Moreover, in FIG. 10, the intrinsic diode of Y ER DN switch rectifies the current flowing from the capacitor Cs towards the panel Cp via Y ER DN switch. Therefore, the device number and the cost can be reduced without any additional diode for rectifying current. Moreover, when Y ER DN switch is a field effect transistor FET device, a diode is inserted between the drain and source for rectifying current.

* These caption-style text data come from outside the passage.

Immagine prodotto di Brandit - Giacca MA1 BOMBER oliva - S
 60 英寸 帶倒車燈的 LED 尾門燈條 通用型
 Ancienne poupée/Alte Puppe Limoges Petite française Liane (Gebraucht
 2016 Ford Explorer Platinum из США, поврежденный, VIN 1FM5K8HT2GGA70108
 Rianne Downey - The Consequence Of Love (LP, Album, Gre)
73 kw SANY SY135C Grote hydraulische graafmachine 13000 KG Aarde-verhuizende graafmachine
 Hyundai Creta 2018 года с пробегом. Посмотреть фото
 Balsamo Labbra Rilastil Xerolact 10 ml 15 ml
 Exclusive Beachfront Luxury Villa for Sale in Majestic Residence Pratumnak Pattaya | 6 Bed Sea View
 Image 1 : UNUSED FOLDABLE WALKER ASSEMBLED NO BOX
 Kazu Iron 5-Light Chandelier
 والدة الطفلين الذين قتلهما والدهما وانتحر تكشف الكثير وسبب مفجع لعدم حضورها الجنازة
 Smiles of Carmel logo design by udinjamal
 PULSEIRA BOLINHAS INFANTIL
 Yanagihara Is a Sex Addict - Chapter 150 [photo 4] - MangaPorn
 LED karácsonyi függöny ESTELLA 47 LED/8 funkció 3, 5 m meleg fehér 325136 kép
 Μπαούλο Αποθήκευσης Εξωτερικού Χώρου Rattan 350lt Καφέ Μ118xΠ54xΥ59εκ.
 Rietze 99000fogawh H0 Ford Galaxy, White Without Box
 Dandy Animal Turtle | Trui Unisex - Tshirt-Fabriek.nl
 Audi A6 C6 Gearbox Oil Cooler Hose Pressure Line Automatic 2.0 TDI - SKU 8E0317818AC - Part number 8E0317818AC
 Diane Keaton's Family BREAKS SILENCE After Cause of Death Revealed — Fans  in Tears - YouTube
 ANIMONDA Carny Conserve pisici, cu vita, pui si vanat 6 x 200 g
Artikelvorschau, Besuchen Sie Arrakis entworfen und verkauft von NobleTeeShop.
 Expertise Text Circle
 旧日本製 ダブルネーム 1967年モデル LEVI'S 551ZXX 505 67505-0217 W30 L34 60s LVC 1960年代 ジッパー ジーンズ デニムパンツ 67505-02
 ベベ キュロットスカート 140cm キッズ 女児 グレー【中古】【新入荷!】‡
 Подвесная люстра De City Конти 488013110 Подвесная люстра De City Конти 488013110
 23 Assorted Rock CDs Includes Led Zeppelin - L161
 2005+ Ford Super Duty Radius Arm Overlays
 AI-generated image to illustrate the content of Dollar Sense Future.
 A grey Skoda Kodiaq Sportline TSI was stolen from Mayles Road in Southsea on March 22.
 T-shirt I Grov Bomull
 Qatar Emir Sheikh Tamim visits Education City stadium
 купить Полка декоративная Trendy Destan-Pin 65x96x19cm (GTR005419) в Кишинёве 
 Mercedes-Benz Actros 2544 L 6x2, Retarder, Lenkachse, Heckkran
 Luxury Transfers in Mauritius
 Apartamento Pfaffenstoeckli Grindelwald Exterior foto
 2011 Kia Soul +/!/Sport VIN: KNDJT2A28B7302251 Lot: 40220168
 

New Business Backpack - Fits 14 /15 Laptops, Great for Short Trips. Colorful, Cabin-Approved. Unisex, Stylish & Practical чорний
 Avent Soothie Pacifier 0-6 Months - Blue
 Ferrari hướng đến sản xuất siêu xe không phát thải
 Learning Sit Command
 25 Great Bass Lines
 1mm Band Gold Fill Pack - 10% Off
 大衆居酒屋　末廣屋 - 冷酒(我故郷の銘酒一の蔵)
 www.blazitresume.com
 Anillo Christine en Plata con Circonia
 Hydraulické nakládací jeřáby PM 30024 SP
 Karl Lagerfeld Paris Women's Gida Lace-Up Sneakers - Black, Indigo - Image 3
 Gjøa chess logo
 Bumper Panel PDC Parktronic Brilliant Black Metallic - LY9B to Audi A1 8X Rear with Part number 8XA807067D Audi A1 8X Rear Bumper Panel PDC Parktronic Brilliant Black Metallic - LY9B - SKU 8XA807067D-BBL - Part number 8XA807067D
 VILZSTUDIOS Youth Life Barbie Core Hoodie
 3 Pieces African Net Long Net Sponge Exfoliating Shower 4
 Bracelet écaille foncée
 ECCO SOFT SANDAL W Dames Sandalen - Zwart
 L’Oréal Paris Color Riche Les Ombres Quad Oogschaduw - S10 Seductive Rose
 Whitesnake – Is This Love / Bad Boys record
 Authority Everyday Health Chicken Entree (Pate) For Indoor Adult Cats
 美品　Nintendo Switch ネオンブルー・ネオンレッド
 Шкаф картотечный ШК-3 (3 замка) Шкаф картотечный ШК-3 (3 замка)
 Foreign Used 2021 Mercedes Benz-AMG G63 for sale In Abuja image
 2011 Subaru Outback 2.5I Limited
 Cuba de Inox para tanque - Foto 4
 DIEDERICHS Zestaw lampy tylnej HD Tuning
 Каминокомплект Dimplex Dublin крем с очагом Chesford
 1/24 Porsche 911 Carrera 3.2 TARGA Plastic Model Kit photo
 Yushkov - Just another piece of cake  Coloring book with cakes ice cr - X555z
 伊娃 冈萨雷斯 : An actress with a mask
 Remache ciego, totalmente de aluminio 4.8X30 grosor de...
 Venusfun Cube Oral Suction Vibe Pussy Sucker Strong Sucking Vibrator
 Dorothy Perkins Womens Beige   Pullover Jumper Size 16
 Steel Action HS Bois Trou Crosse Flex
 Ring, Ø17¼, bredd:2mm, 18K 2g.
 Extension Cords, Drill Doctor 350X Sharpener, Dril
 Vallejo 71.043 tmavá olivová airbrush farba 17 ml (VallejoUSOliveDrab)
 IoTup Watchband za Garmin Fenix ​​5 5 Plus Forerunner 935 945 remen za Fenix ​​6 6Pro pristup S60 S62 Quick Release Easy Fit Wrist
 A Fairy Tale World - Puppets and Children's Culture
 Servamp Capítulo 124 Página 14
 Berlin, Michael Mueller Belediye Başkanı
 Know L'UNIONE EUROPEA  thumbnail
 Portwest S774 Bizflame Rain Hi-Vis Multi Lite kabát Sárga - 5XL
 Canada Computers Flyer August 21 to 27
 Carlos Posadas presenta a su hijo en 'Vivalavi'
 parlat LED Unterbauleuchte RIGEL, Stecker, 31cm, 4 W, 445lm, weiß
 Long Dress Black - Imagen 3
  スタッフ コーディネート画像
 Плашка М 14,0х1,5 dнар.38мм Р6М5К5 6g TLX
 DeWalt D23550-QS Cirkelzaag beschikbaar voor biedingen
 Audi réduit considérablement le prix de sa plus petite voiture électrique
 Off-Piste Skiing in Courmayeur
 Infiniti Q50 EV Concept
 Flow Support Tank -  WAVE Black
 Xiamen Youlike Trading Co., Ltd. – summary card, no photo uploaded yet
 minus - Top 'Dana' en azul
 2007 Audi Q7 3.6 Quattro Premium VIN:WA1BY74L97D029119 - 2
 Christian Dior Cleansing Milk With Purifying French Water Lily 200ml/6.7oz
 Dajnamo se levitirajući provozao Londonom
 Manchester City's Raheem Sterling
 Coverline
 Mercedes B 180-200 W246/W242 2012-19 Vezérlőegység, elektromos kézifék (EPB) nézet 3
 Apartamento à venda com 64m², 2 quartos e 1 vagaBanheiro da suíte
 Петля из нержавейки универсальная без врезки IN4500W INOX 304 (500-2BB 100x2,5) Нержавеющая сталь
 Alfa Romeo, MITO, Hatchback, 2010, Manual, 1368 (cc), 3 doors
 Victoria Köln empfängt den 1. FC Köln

In the sixth period T6 of the FIG. 5, as shown in FIG. 11, when Z SUS UP switch is turned on and the waveform maintains the sustain voltage Vs, Z ER UP switch is turned off. All the other switches except Z SUS UP switch and Y SUS DN switch are turned off. Accordingly, the voltage of the panel becomes the sustain voltage Vs. That is, when the fifth period T5 is finished, at the moment when the voltage of the panel becomes a maximum due to the LC resonance, the sustain voltage Vs is applied to the panel Cp. The sustain voltage Vs means the voltage for maintaining the discharge of the discharge cell in the sustain period.

Thereafter, as shown in FIG. 12, in the seventh period T7 of FIG. 5, the ER DN switch is turned on, while all the other switches except ER DN switch and Y SUS DN switch are turned off. Accordingly, while the energy stored in the panel Cp is discharged to the capacitor Cs through the sustain electrode Z, the energy is collected and the voltage of the panel falls. In this case, in the plasma display apparatus according to the present invention, the number of devices can be reduced by commonly using the ER DN switch in the scan electrode Y and sustain electrode Z.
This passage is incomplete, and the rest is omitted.